Author Q&A: Pilar Alessandra, “The Coffee Break Screenwriter”
Pilar Alessandra is director of the Los Angeles writing program “On the Page” and author of the newly released The Coffee Break Screenwriter, published by Michael Wiese Productions. She has worked as Senior Story Analyst for DreamWorks and Radar Pictures and has trained writers at ABC/Disney, MTV/Nickelodeon, the National Screen Institute, the Los Angeles Film School, The UCLA Writers Program, and more. Alessandra’s weekly podcast “On the Page” is regularly in the iTunes top 50 of film and tv podcasts. I was fortunate to guest on her Podcast at the beginning of the year – Episode #123.
Alessandra shares advice for screenwriters, podcasters, and those writing non-fiction books. Plus, talks about how she is a very “productive procrastinator!”
Why did you write The Coffee Break Screenwriter?
We’re all busy these days and I see more and more people writing in their “stolen” moments of time. So, the goal of this book is to make those short, focused writing bursts as creative and productive as possible. It helps you be true to the story you want to tell, but also pushes you forward in the process. I’m always blown away by the fantastic results I get with my students when I give them a writing tool in class, then give them ten minutes to get their work on the page. They always nail it.
What was your process for writing it?
I wrote half the book about four years ago, then–like so many writers– ignored the rewrite. Instead, I procrastinated by building more classes, creating an instructional DVD, starting a podcast, touring the country, etc. (I’m the world’s most productive procrastinator). All of that teaching and crafting turned out to be a good thing, though. It helped me develop more writing tools, become a better script analyst, and, finally, get the damned thing finished.
How did you go about getting it published?
Signe Olynk and Bob Schultz from the Great American Pitchfest told Ken Lee at Michael Wiese Productions that if he didn’t publish my book, they would. He listened. They rock.
What was your favorite part of writing The Coffee Break Screenwriter?
Pretending that I was teaching a class as I was writing it. Teaching is my very favorite thing to do, so as I “lectured” the words came.
The greatest challenge?
Fighting that voice that screamed, “Who the hell needs another screenwriting book?” (The answer: “The person who thinks she’s too busy to write. That’s who!”)
Can you give our readers a sneak peek into what you discuss in the book? What are three things writers can do now to get started in short bits of time?
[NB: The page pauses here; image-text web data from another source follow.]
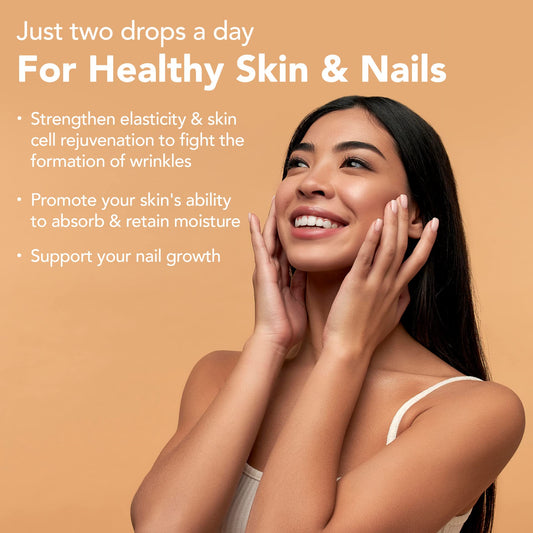 Suplemento gotas biotina y colágeno para cabello piel uñas
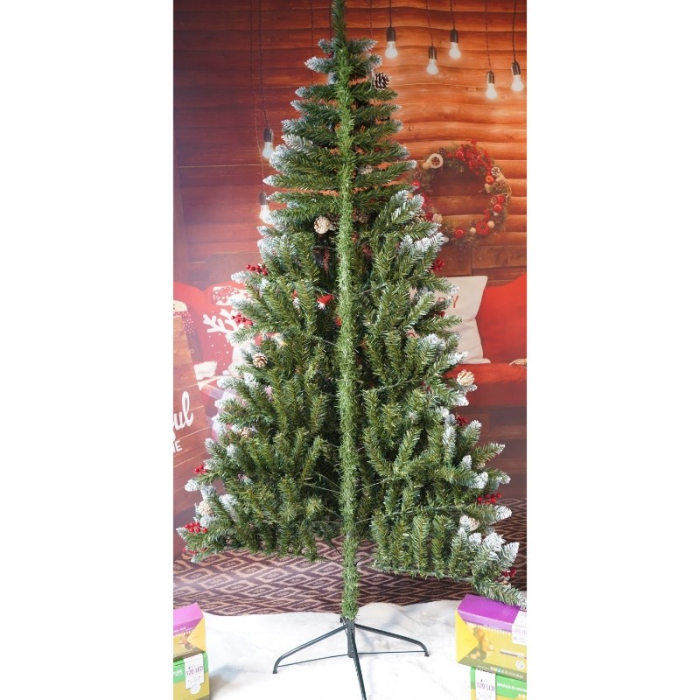 Brad Artificial de Craciun, , Sectionat pentru Perete/ Colt, 2.10 m inaltime, Verde, Decorat, Diametru Inferior 106 cm, Interior/ Exterior [16]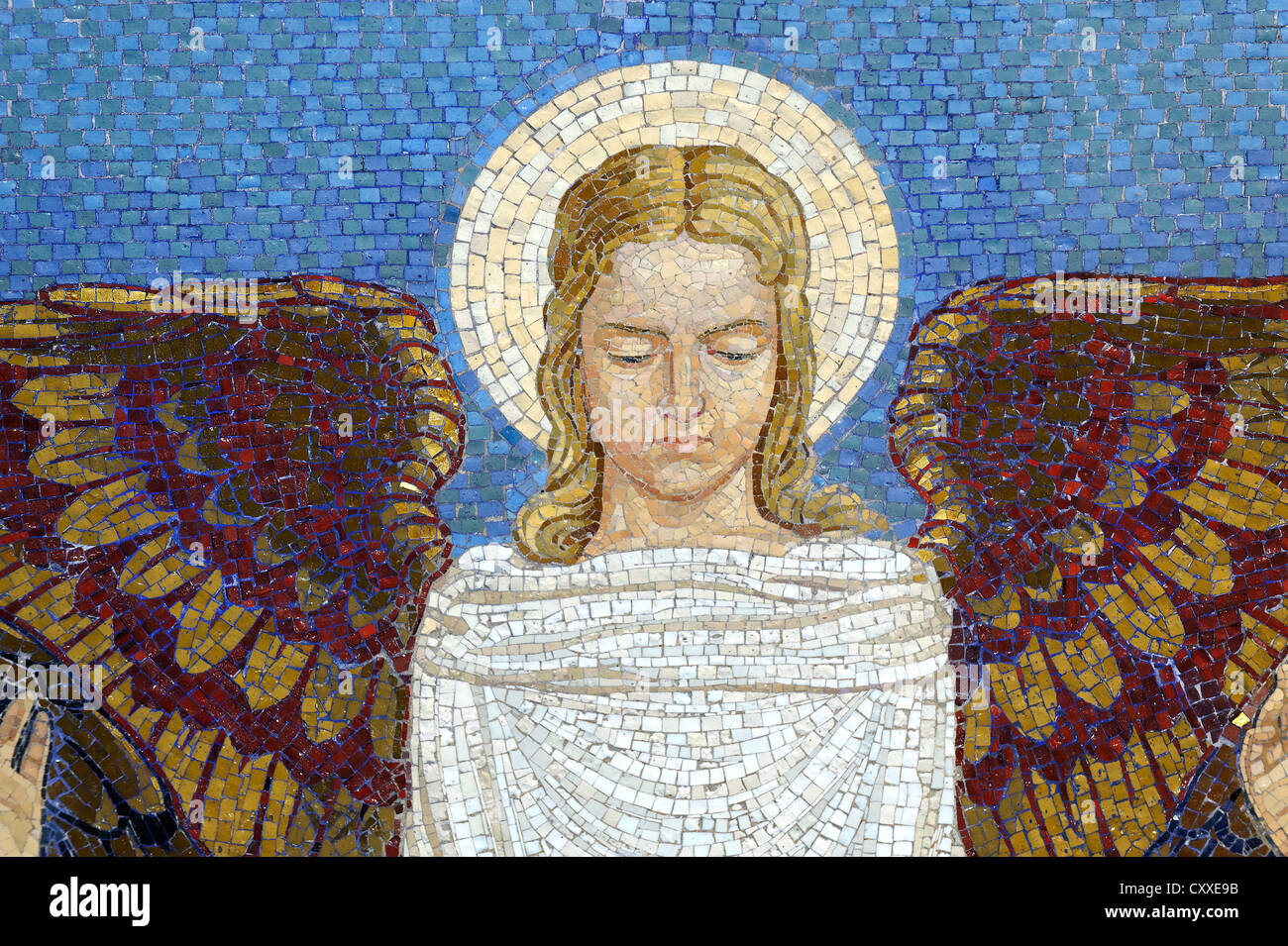Mosaïque murale, Angel, à l'église de la Transfiguration, le Mont Thabor, en Galilée, Israël, Moyen Orient Banque D'Images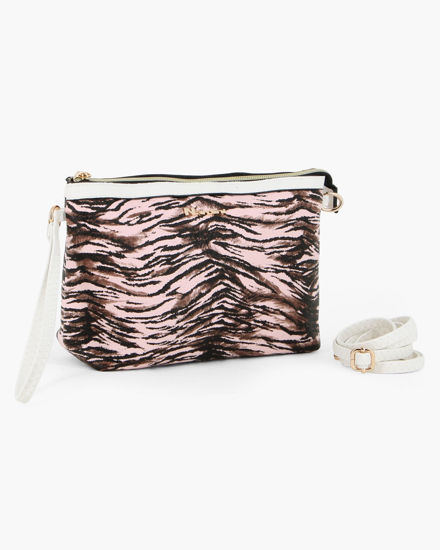 Immagine di NARDINI - Pochette animalier rosa con polsiera, tracolla removibile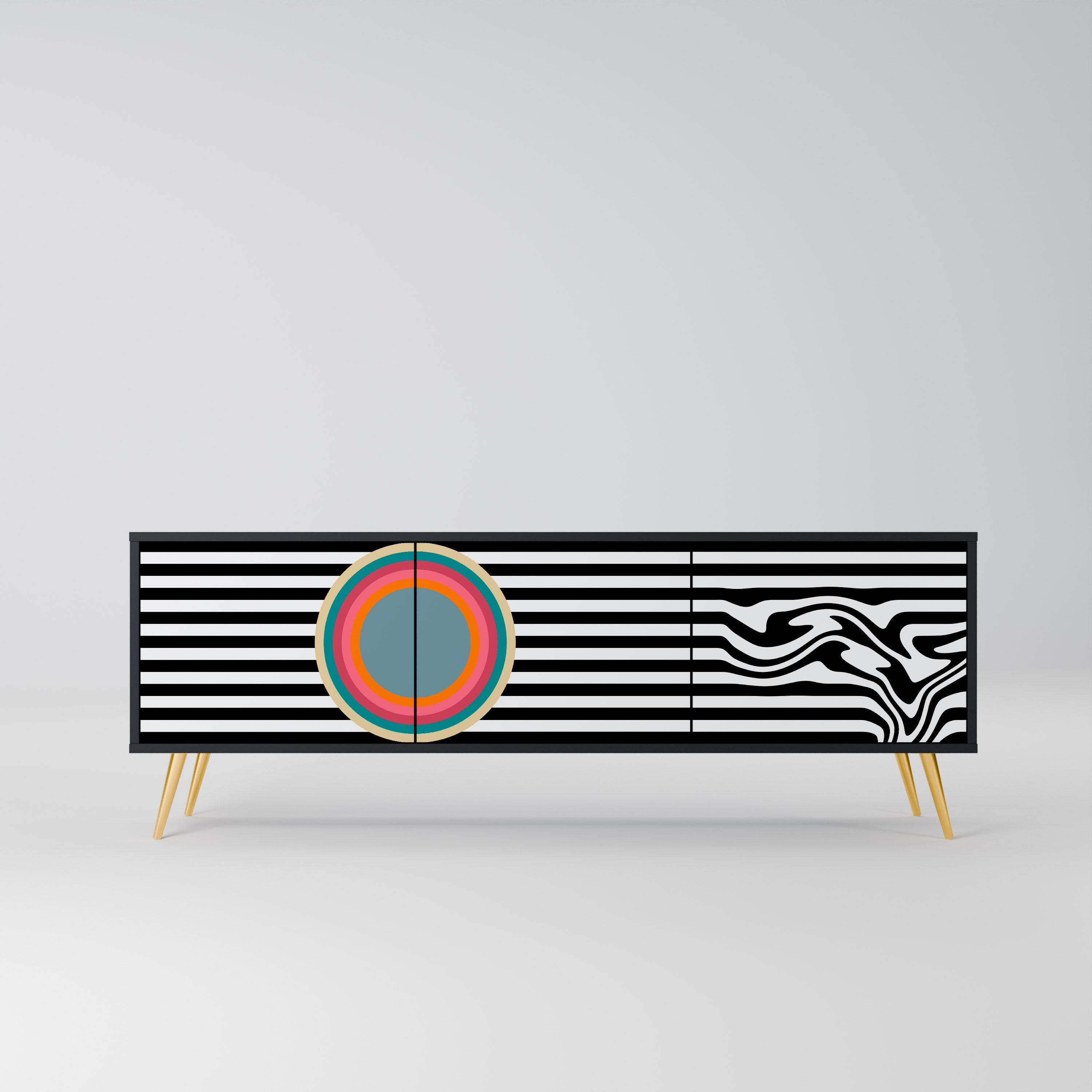 SPECTRA SHOWCASE 3-Door TV Stand in Black Finish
1. Commit 10 minutes to telling a simple story with a great idea. Describe it in a paragraph or two as though telling a friend about a great movie. That’s your synopsis.
2. Commit 10 minutes to dividing that story into four sections. Give each section a title. Those are your acts.
3. Commit 10 minutes to brainstorming the major events that happen in each section. Those are your sequences or “beats.”
Congratulations! You’ve practically outlined your movie.
What can a writer do to stand out from the rest of the crowd of those wanting to get discovered?
Commit, commit, commit. Commit to an idea. Commit to a story approach. Commit to a tone. Stop chasing trends and writing to formula. All a reader wants is something that feels fresh.
What inspired you to start your On the Page podcast?
I knew my On the Page Writer’s Studio had great talent coming out of it, so I thought it would be cool to put some of my clients and students on mike and talk with them about screenwriting. I had no idea anyone would actually listen! When they did, I started including producers, casting people, new media experts, gamers, and more into the conversation. I’ve learned right along with my listeners. It’s been an adventure.
What are the differences between creating your podcast, teaching, and writing a book? Are there any similarities?
The podcast is a discussion. The classes are a workout. The book is a guide. What links them is a respect for the writer. I do believe there are more stories to tell and I’ve witnessed writers get better each year at telling them. They’ve grown up, living and breathing movies and tv, and they have great instincts. All of my workshops and materials acknowledge those natural skills. There’s no dumbing-down.
How do you decide what to cover in which format?
For the podcast, we try new things all the time. We’ve had logline contests, interviews with cops and forensic experts, discussions of movies and even had a contest to “script” the podcast. (That one was pretty terrible, actually). For my classes, I’m focused on what the writers need to accomplish that day. Nail concept? Outline story? Get a scene on the page? Rewrite? I have a responsibility to get them there.
Additional advice for screenwriters?
Stage or film a short piece of work. Showcase yourself!
Additional advice for would-be podcasters?
Don’t take yourself too seriously.
Additional advice for non-fiction book writers?
Enjoy discovering that you actually know something.
What do you know now that you wish you knew at the beginning of your career?
That every script has a surprise in it. And that a short bob was actually not a good look for me.